La falta de productividad de ese año también podría atribuirse a un gobierno dividido: los republicanos controlaban la Cámara, los demócratas controlaban el Senado y el presidente Joseph R. Biden Jr. se postulaba para la reelección. Pero en 2025, los republicanos tenían una trifecta de gobierno en Washington, controlando ambas cámaras del Congreso y la Casa Blanca.
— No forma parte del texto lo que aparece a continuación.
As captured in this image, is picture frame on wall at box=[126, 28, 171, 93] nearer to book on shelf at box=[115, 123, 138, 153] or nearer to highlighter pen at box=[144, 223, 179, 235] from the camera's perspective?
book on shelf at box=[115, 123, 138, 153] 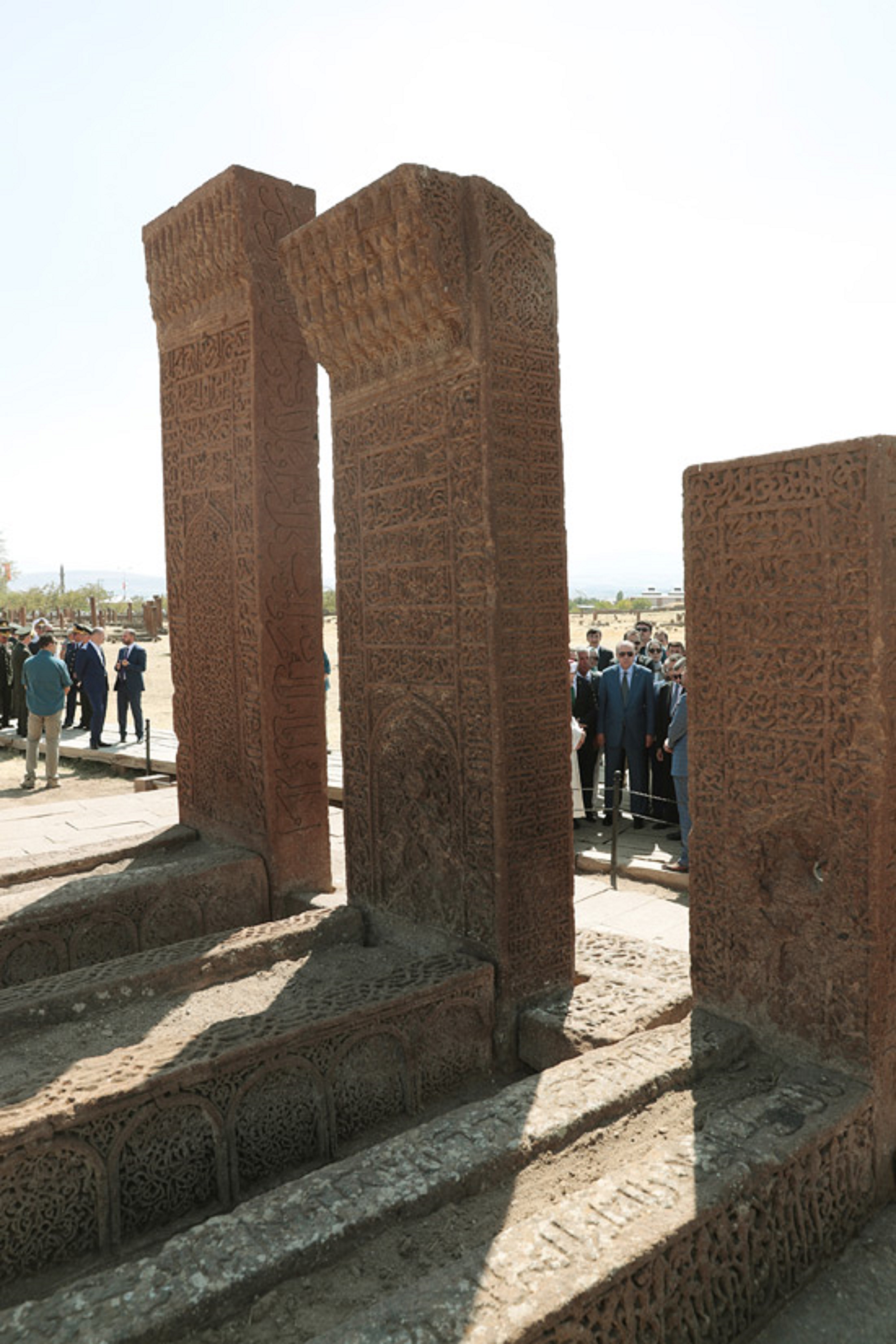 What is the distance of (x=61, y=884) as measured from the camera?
4.13m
Si bien el Congreso se movió inusualmente rápido para cumplir con la demanda de Trump de implementar su recorte de impuestos y su ley de política interna, Johnson también trabajó para anular las medidas a las que se oponía el presidente. Incluso recurrió repetidamente a una maniobra arcana para asegurarse de que la Cámara no se viera obligada a votar una medida para cancelar sus aranceles.
Fue un ejemplo de cómo, bajo el gobierno de Johnson, la Cámara se marginó a sí misma el año pasado, cuando el Congreso cedió más ampliamente su poder a Trump.
El orador también intentó evitar votaciones sobre otras medidas a las que se oponía el presidente, incluida la legislación para obligar al Departamento de Justicia a revelar materiales sobre Jeffrey Epstein, el delincuente sexual condenado que murió en prisión en 2019; y un proyecto de ley bipartidista para ampliar los subsidios de atención médica que expiraron a fines de 2025.
Eso generó tanta resistencia en sus propias filas que impulsó un número récord de esfuerzos exitosos para eludir a Johnson y obligar a que se aprobara la legislación. Esto se puede hacer mediante lo que se conoce como petición de aprobación de la gestión, que elude el proceso normal para presentar un proyecto de ley, que es controlado por el presidente, si una mayoría de los miembros de la Cámara firman una petición exigiéndolo.
Históricamente, los miembros de la mayoría se mostraban reacios a avergonzar a los líderes de su partido mediante una petición de destitución, y los legisladores temían represalias por apoyar públicamente los esfuerzos para subvertir al presidente. Los esfuerzos fueron vistos más como declaraciones públicas de descontento que como vehículos legislativos viables. Pero en 2025, varios tuvieron éxito y llevaron a acciones concretas.
Peticiones de descarga que recibieron al menos 218 firmas desde 2001
La medida Epstein se promulgó el otoño pasado y la Cámara aprobó este mes un proyecto de ley para restaurar los subsidios de salud, aunque su promulgación tiene un camino cuesta arriba en un año electoral.
A medida que giraba en torno a la legislación, la Cámara se veía cada vez más consumida por medidas partidistas destinadas a regañarse y castigarse mutuamente. Las reprimendas oficiales, que alguna vez fueron extremadamente raras y en su mayoría reservadas para conductas atroces o actos ilegales, se han convertido en algo común. Seis de ellos llegaron a la sala en 2025 para seis miembros diferentes.
Censuras, amonestaciones y expulsiones desde 2001
Esa cifra estuvo a la par de 2023, cuando los miembros atacaron a cuatro legisladores, incluido George Santos, a quien expulsaron del Congreso mientras enfrentaba 23 cargos penales federales y se descubrió que había mentido a los votantes sobre gran parte de su biografía.